In the first chapter of the Book of Joel, Joel asserts that his prophecies will be fulfilled in this day and generation. Though Joel makes a despairing appeal to the ecclesiastical leaders of our day to repent and intercede with God for Israel, he still records their failure to listen. The prophet then calls upon God for help. Likewise, the failure of the ministers and the priests to warn the people of the coming of the Great Day of the Lord finds the nation wholly unprepared for the events that now follow.

The opening scene of the second chapter begins with the blowing of the trumpet in Zion: “Blow ye the trumpet in Zion, and sound an alarm in my holy mountain: let all the inhabitants of the land tremble” (Joel 2:1). The Hebrew word “shofar” ­translated “trumpet” is used in the Old Testament when this instrument was to be blown to warn the people of war, or to gather them to the solemn assembly. Joel does not use it here to indicate a peaceful gathering, but he speaks of it as a shout of warning to arouse His Kingdom (His Holy Mountain) Israel. The inhabitants of the land are told to tremble, or, as the Hebrew word ragaz means “­be angry and troubled”. This alarm is sounded in Zion. Do not confuse Zion with Jerusalem. The former means fortress; the latter “possession of peace”. Zion is the place of defence, the seat of the government and legal activities of His Nation Israel. “Yet have I set my king upon my holy hill of Zion” (Psalm 2:6).

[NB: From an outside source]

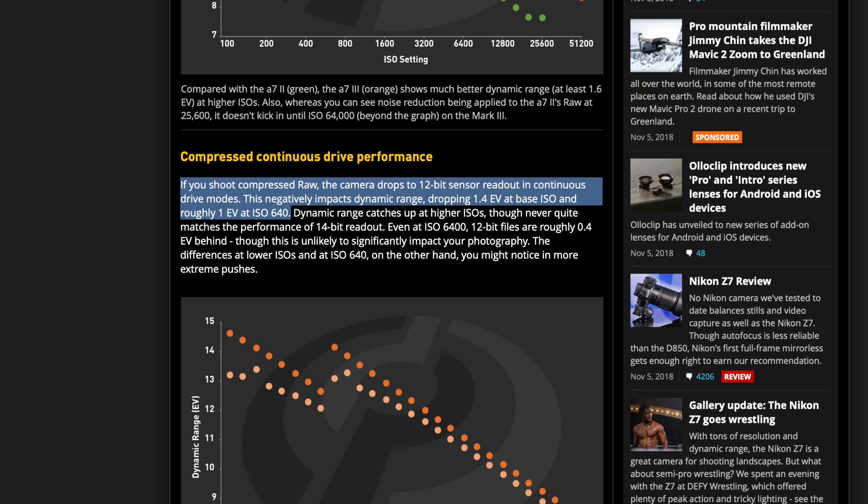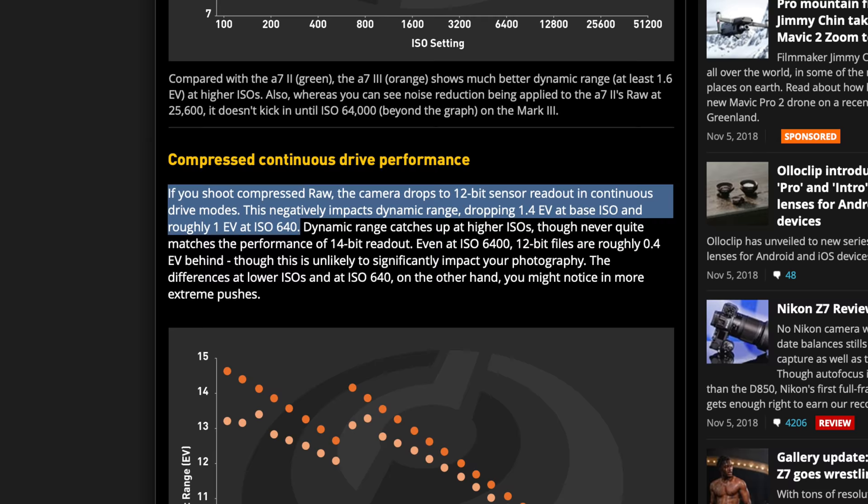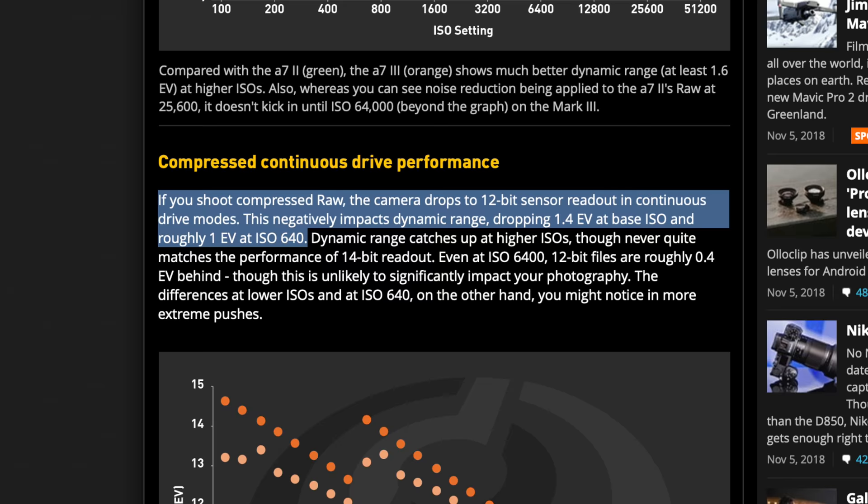If you shoot compressed RAW, the camera drops to 12-bit sensor readout in continuous drive modes. This negatively impacts dynamic range, dropping 1.4 stops at base ISO and roughly 1 stop at ISO 640.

Jerusalem represents the ecclesiastical activities. In vain has Joel appealed to the ecclesiastical leaders, while they still had the power, to intercede with God for His people in order to avert the dis­aster. Peace having passed away, the conditions are now beyond the control of the ministers and priests. It is too late for them to act and have God turn aside the troubles. The call to arms is heard in Israel. Zion, the fortress, the stronghold of Israel, is aroused. Throughout the whole nation, His Holy Mountain, the people are angry and troubled.

Joel states the Day of the Lord is about to begin, its turmoil is near, and the people are unprepared. Briefly, he describes this day as a time of darkness and gloom, like a day of clouds and thick darkness. Jeremiah, prophesying of this same period, refers to it as a time of fear, not of peace, when a voice of trembling is heard. Zephaniah calls it a day of wrath, trouble, and distress – a day of destruction and desolation; a day of war and slaughter – a time when gold and silver will be worthless to deliver a man from his troubles.

Ezekiel also refers to this day as a time of great distress and perplexity. James says the rich will howl for the misery that will come upon them.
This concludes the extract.